When Blackpipe Bank in Martin, S.D. and The First National Bank in Gordon, Neb. gave out loans to members of the Oglala Sioux Tribe, these banks often charged higher interest rates. When members of the tribe applied for loans, they came under a blanket familiar to minorities in other parts of the nation. It is called “redlining.” This means the banks have a secret map that tells them where they should expect the riskiest loans and they “redline” this section of a city or area on an Indian reservation. If a person from the redlined zone comes in for a loan they are automatically faced with this discriminatory mark and their loans are usually rejected.

Those Lakota who did qualify for a loan were charged a much higher interest rate than the non-Indians in Gordon and the surrounding community. Staff writer Jerry Reynolds of my Lakota Times was assigned to investigate this out and out discriminatory practice. Over a period of several weeks Reynolds uncovered the illegal practices by the two banks.

The Lakota Times did a front page article exposing this unlawful practice. The U. S. Attorney for the district that covered this region charged the banks with fraud and fined them. This illegal practice ceased. The banks were fined as much as $200,000.

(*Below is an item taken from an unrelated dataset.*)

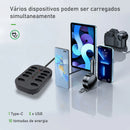 Line filter, USB socket, electric extension, plug, extension socket, 10A, electric socket socket, socket ruler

A clothing manufacturer in Texas convinced the Bureau of Indian Affairs to fund the Oglala Sioux Tribe and the Three Affiliated Tribes in North Dakota to purchase his company for $19 million. The BIA, in its infinite wisdom, was ready to let the tribes and the seller sign on the dotted line. At the time this was happening, clothing manufacturing plants were closing right and left. They could not compete with the cheaper clothing from China and elsewhere.

Joan Morrison, a staff writer at the Lakota Times, and I, teamed up to investigate. We found out that the man selling the company had invited a delegation from both reservations to Texas where he wined and dined them. His name was Harvey Greenwald and while doing the background on him Morrison and I discovered that Mr. Greenwald was involved in a real estate scam in Florida. He was standing on the courthouse steps in Miami when a man walked up and shot him in the chest.

Luckily he was wearing a bullet proof vest and he survived. With the help of the BIA, he was about to pull another scam except this time it would be a scam on the Indians. When I showed up in Aberdeen to listen in on a meeting held by the Oglala and Ft. Berthold delegates as they met with the BIA on the loan, I was thrown out of the meeting.

The story was published on page one of the Lakota Times and the BIA immediately pulled the funding for the proposed scam. The BIA was willing to put up $19 million of taxpayer dollars without ever checking on the background of the scam artist. The Lakota Times killed this scam with its investigative reporters. Where was the non-Indian press?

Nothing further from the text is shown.